So whenever he comes to visit me here in Florida, I take him to a casino. But we always have to come up with some sort of “cover-up” operation to make sure my mom never finds out.

She simply hates casinos because my dad always loses money.

For my dad, casinos are a lot of fun. While I respect that, I also can’t blame my mom for hating them. After all, the odds you will make money are very low.

That’s also why I never go to casinos, unless I’m with my dad.

I follow that same philosophy of avoiding low-odds bets in the financial markets as well.

Take the options market, for example. Most people think options are extremely risky. But the truth is, that largely depends on what kind of strategy you use.

There’s one particular option strategy that puts the odds of winning in your favor. Instead of betting against the house, you get to be the house. And even better, you can collect some incredible income in the process. Let me explain…

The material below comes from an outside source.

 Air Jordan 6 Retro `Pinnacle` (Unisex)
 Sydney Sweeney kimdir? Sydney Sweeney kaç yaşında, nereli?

Putting the Odds of Winning in Your Favor

When you buy a put option, you’re buying the right (not the obligation) to sell a stock at a set price (called the “strike price”) by a certain date. You’re basically betting the stock will fall.

Stock options have a predetermined shelf life. They expire in a few months or, at best, a year. So when you buy an option, you have to be right about the direction of the stock.

But you also have to be right on timing. Your trading idea has to be proven right before the option expires in a matter of months. This is very difficult for most investors.

And that’s why most options expire worthless. In general, those who buy options have very low odds of winning.

The ones who make money are the investors on the other side of the trade, the ones who are selling those options. And that’s the strategy I want to tell you about today.

When you sell options, you don’t have to be exactly right about the direction or timing of a stock’s movement. Many factors work in your favor. If the shares go nowhere, for example, you’ll still profit.

When you sell a put option, for example, you agree to buy someone else’s shares of a particular stock for a set price over a limited period of time. In return for agreeing to buy the stock, you receive a cash premium from the other party. That’s how you generate income from options.

Let me walk you through an opportunity I see in today’s market. I will show you why selling puts the right way is a win-win situation.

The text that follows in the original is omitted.